Gutierrez did not spend much time on stage, reserving the most flattering praise, and the eyes of the crowd, for his collaborators: “I really love her,” “He’s the savviest motherfucker I’ve ever met.” (There were even more names he went on to praise, but Pryor and Boulé were the only muses who made on-stage appearances.) All this would have come across as a lovefest if it hadn’t been for Gutierrez’s constant self-deprecation. The only way for him to get on with life is to feel like he’s in it together, with others: “I feel bad about complaining. My life isn’t that bad, but if I’m not grateful, I feel like drowning.”
After introductions, Boulé danced to solo material from the 14 years spent working with Gutierrez—think of it as a greatest-hits compilation.

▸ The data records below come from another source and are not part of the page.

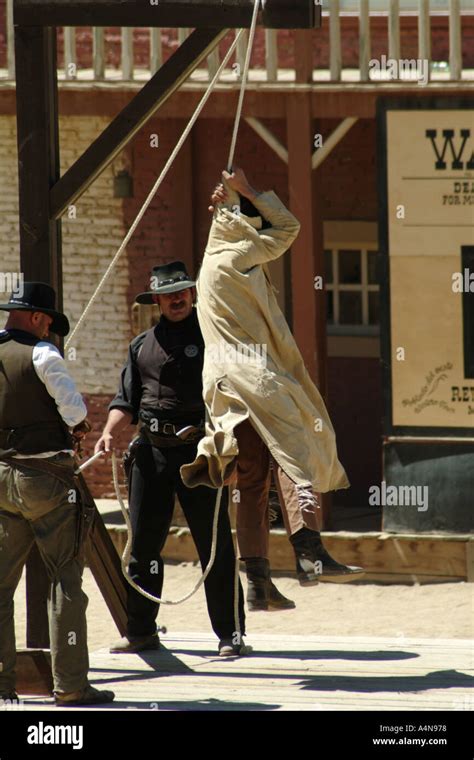 man hanging in gallows at a film set recreation of a hanging Stock ...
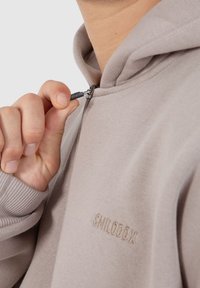 Lys beige zip-up hættejakke med ribbet kant og manchetter. Den har et lille broderet logo på venstre side og en nærbillede af lynlåsen i hånden.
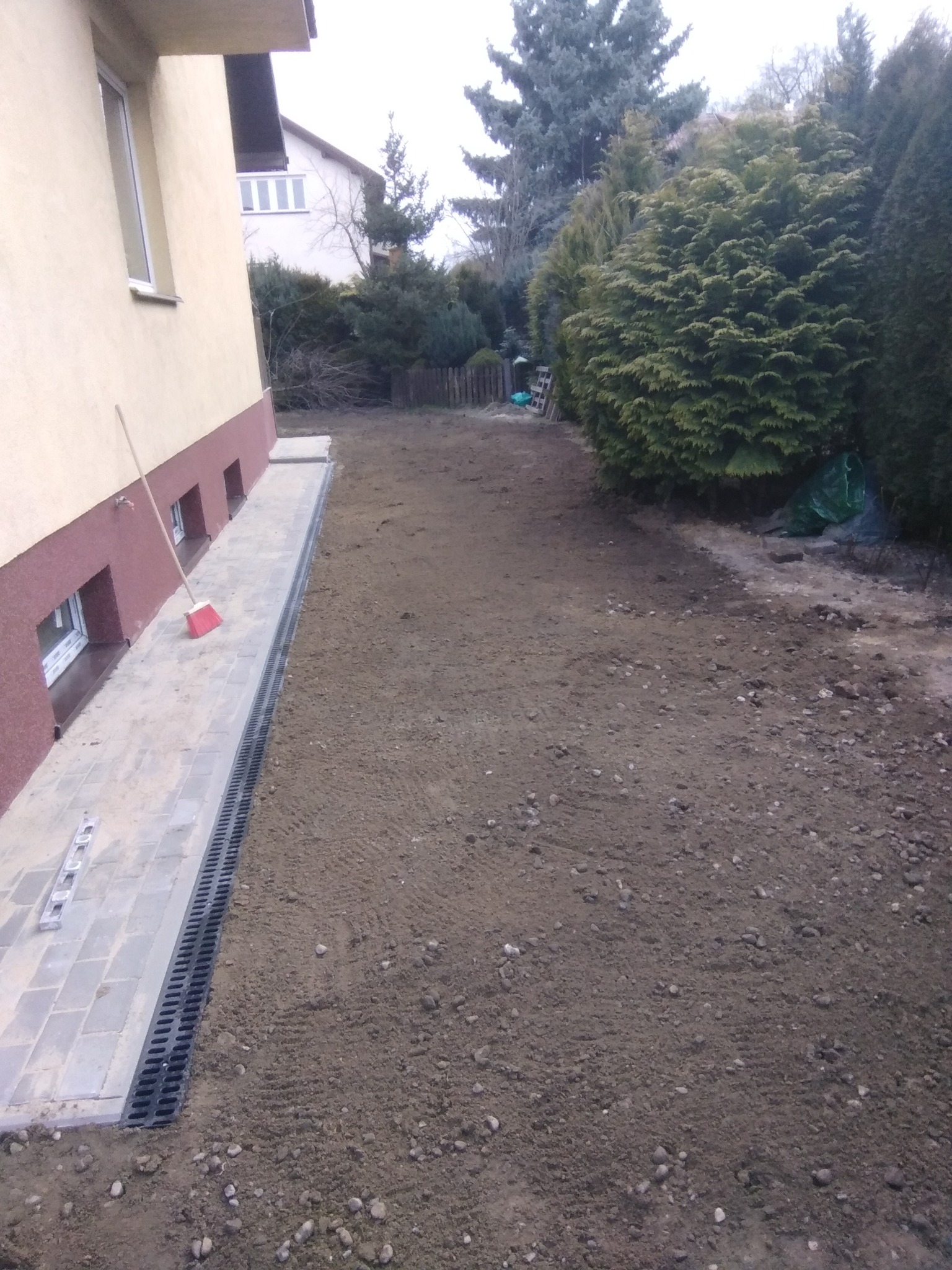 Przygotowanie terenu pod ocieplenie ścian w Piastowie: widok na odsłonięty fundament, ułożoną kostkę brukową z odpływem liniowym i leżącą miotłę przy ścianie budynku.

At times she looked like a ninja-ragdoll, a powerful body not entirely in control of her limbs. In another dance she declared “I am perfect, you will love me” while stomping around the stage with one breast out. On stage she is a narcissistic Amazonian, a force to be reckoned with.
None of the administration-muse scenes could compare to the tornadic chaos produced by Boulé (though they the scenes did sometimes overlap). The office scenes were generally staid, with Donovan-as-Gutierrez and Pryor sitting at a table—sometimes walking around or crouched under the desk—while typing aloud and reading through emails taken from actual recordings at their office.

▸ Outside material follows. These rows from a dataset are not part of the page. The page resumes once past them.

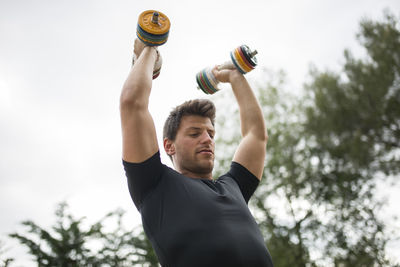 Low angle view of man exercising outdoors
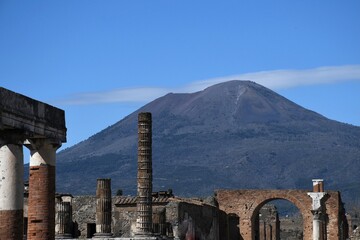 Mt Vesuvius rises up above the ruins of the Forum in Pompeii. A road can be seen zig-zagging across the mountain. The sky is blue.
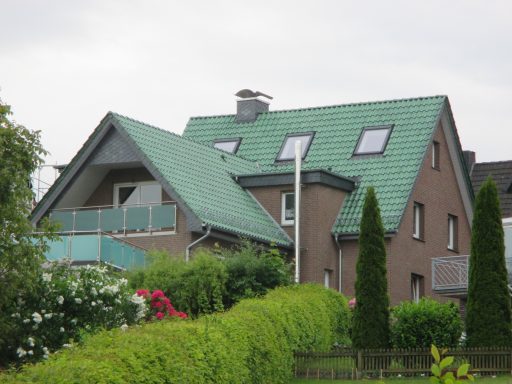 Ziegeldach Haus mit grünem Satteldach, Balkon und angrenzendem Garten mit Sträuchern und Blumen.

They are together, but distant. The two never seemed to take their eyes off their laptops; it was hard to find much of an emotional connection between the two, at least when working side by side. In one instance, Pryor went to meet his boss on the other side of the table to show him a dick pic sent to him by his then-current 20-something. It was one of the few times the two are shown to be physically close. In the world of administration, it’s better to keep boundaries, and keep your colleagues at arm’s length.
These scenes were not perfect. Office work does not become more exciting when shown on a stage. Talk was filled with writing grants, scheduling tours, and how, despite their hectic schedules, they didn’t have enough money to pay rent. There were some revealing meta-tidbits that went beyond the day-to-day drudgery. “Have you found any black people?” Donovan-as-Gutierrez asks Pryor about American Realness. And then there was Boulé, who, in between her furious dances, would sometimes crawl on their work table, a creative force to distract them. Still, the performance of administration could be as grueling for the audience as if they were filling out a spreadsheet.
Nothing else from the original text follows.